Department of Animal Biology, Institute of Biology, State University of Campinas (UNICAMP), Cidade Universitária Zeferino Vaz, Rua Monteiro Lobato 255, 13083-862 Campinas, SP, Brazil

Received 25 May 2012; Revised 11 September 2012; Accepted 25 September 2012

Academic Editor: Fabiana Pimenta

Copyright © 2012 Nádia Regina Borim Zuim et al. This is an open access article distributed under the Creative Commons Attribution License, which permits unrestricted use, distribution, and reproduction in any medium, provided the original work is properly cited.

Abstract

The increased pathogenesis of the Schistosoma mansoni BH strain compared with the SJ strain has been attributed to the number of granulomas formed in experimental infections, which increase the mortality in definitive hosts. The aim of the present study was to investigate the development of granulomas around the eggs of the S. mansoni BH and SJ strains and to determine whether this host reaction was strain specific. Four experimental groups were analyzed.
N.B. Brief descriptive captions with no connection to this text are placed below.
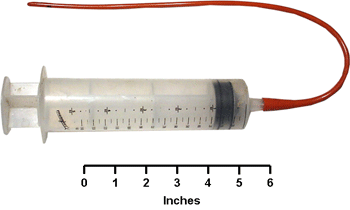 Lamb Feeding Tube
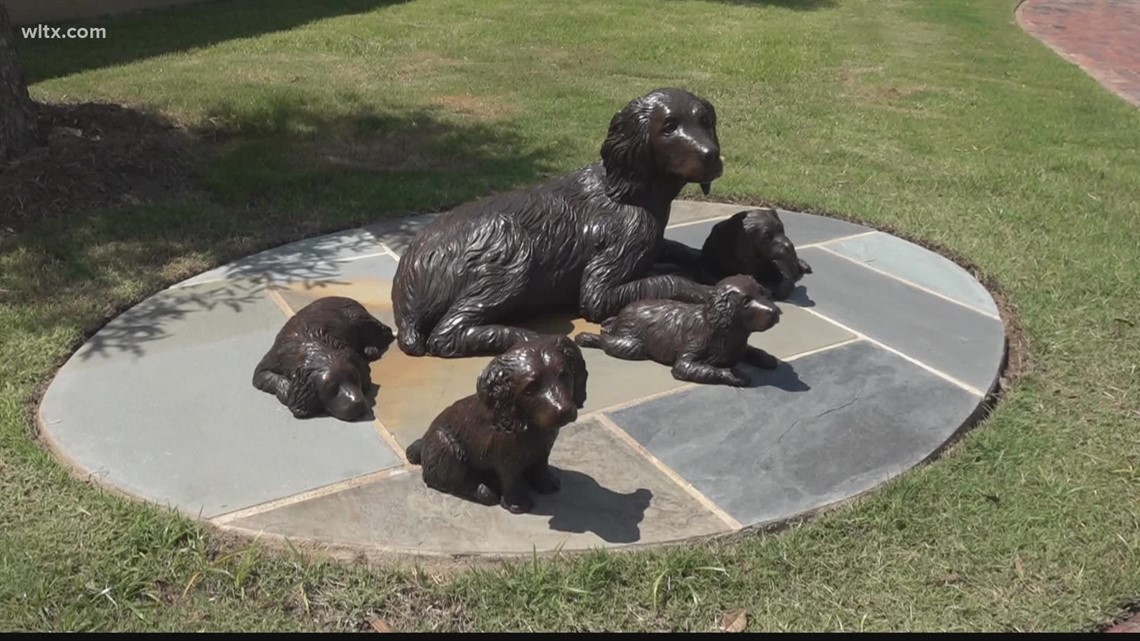 Boykin Spaniel statues take over the city of Camden for a scavenger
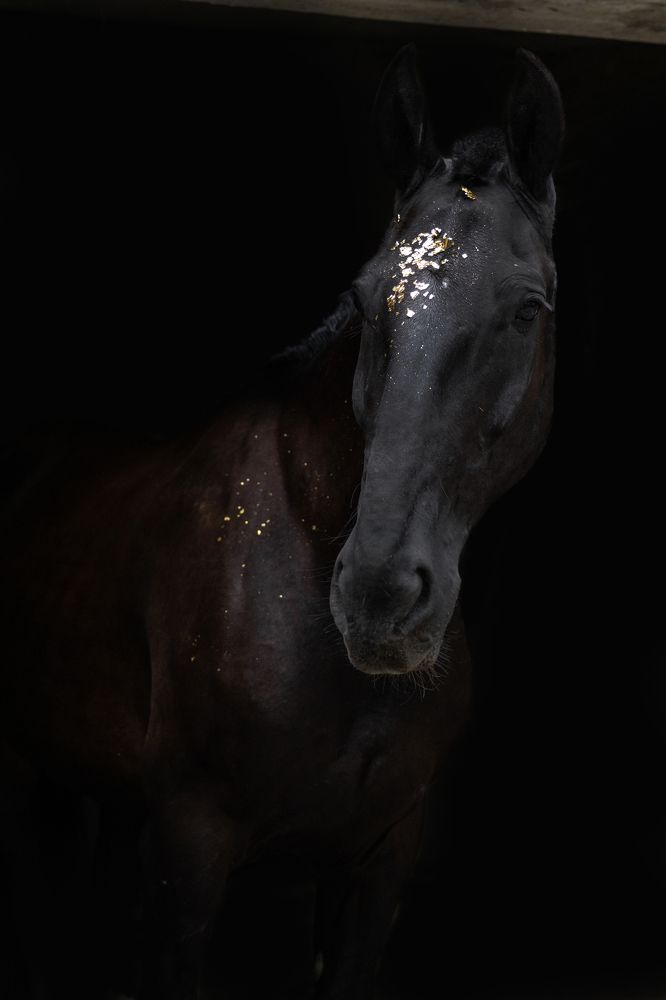 Photograph by Виктория Гаврикова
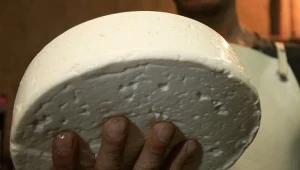 Weekend na biegunie zimna i sera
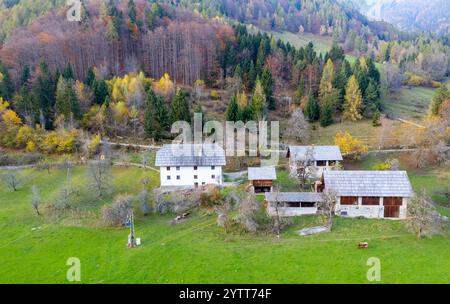 Scenario con droni di case coloniche slovene tradizionali annidate nei boschi autunnali Foto Stock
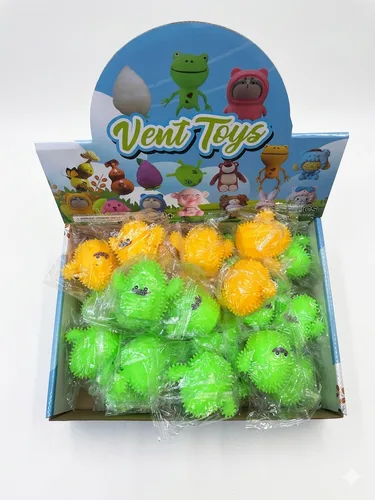 מיני קקטוס נידו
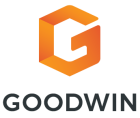 GOODWIN GOODWIN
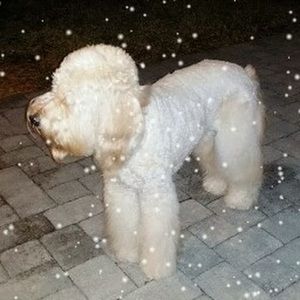 Meet your Posher, Robert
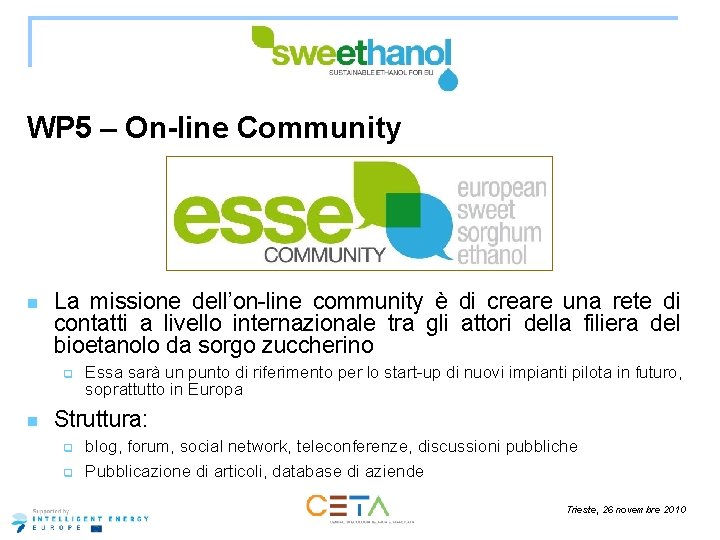 WP 5 – On-line Community n La missione dell’on-line community è di creare una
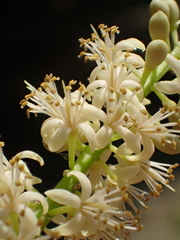 Adenanthera microsperma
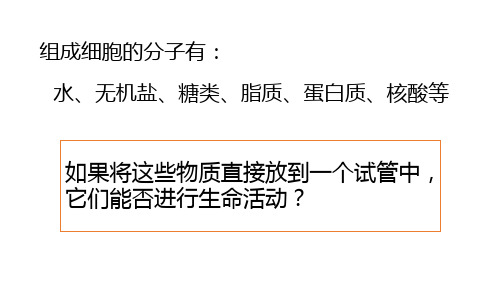 3.1 细胞膜的结构和功能 课件【新教材】人教版(2019)高中生物必修一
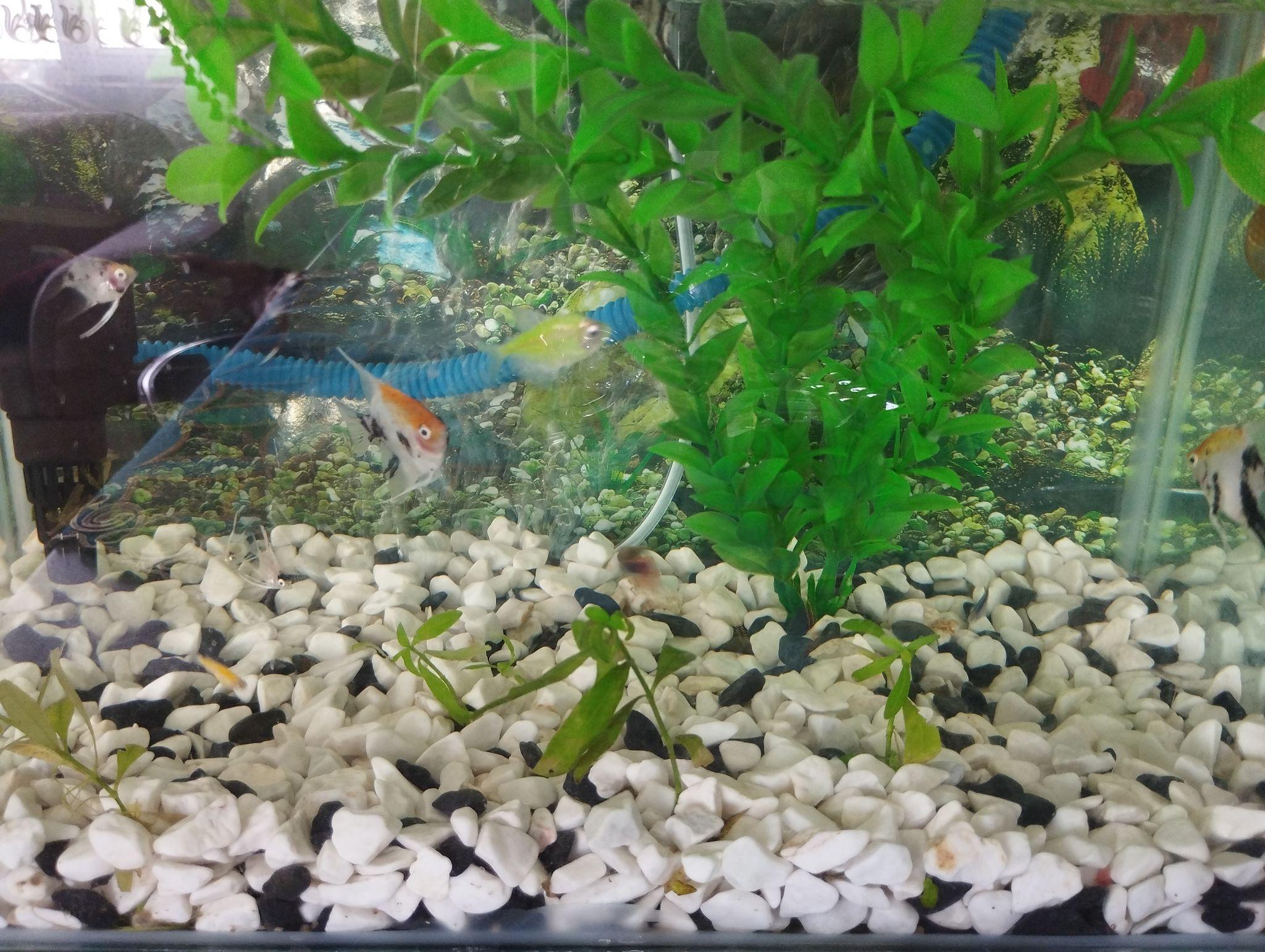 تترا اکواریوم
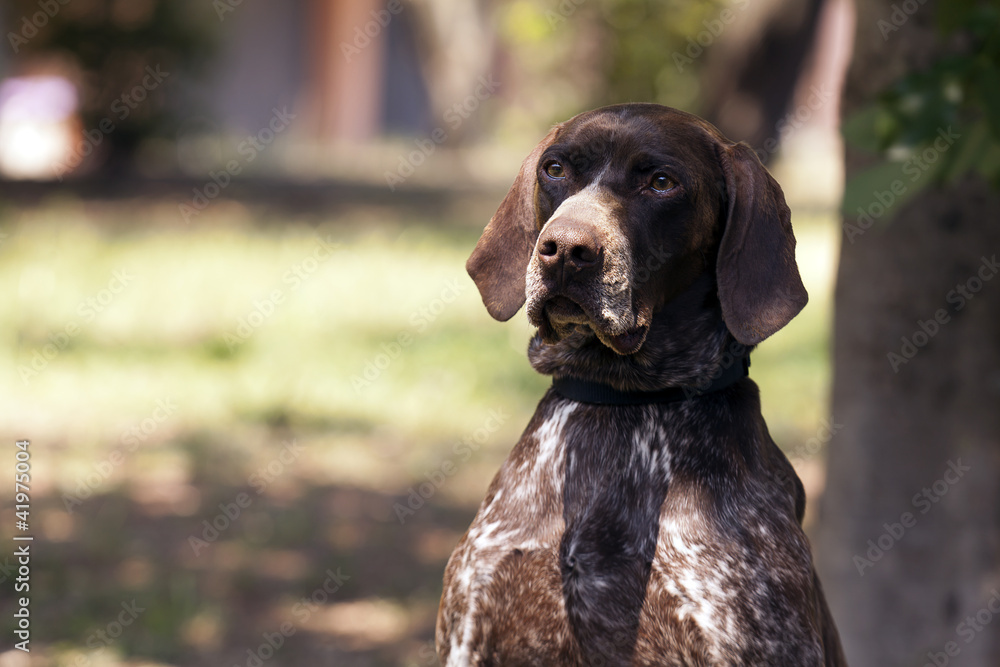 cane da riporto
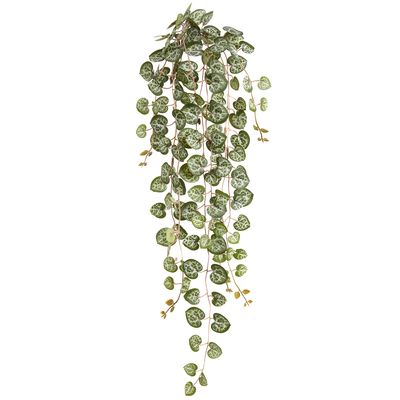 21.5"STRING OF HEARTS PLANT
Two groups contained mice inoculated in the caudal vein with eggs from the S. mansoni BH or SJ strains and the other two contained mice that were infected with cercariae of the BH strain prior to being inoculated with eggs. The number of granulomas per tissue area in the lungs and liver, as well as the size of the granulomas, was analyzed to characterize the response to schistosome infection. The largest granulomatous responses were observed around eggs of the BH strain. Granulomas covered a larger area in the lungs of mice that were previously infected with cercariae and subsequently inoculated with eggs of the BH strain. These results indicated that specific granulomatous responses occurred following an infection with the BH and SJ strains of S. mansoni.

1. Introduction

Schistosomiasis is considered to be the most notable parasitic disease after malaria due to its wide geographic distribution, the large number of people affected by the disease, its severity, and its association with poor sanitary conditions [1, 2].

The primary pathogenic mediators in schistosomiasis are the trematode eggs. A schistosomal granuloma, the characteristic lesion, forms around mature eggs that have been deposited in the tissues of the definitive host. The distribution of eggs in host tissues, the extent of the granulomatous response, and the degree of infectivity of the parasite strain are key factors in the pathogenesis of schistosomiasis [3].

The diverse behavior of different strains of Schistosoma mansoni [411] may account for the regional variation observed in clinical schistosomiasis [12]. The degree of morbidity in human schistosomiasis varies regionally, possibly due to variations in parasite infectivity and fecundity [13].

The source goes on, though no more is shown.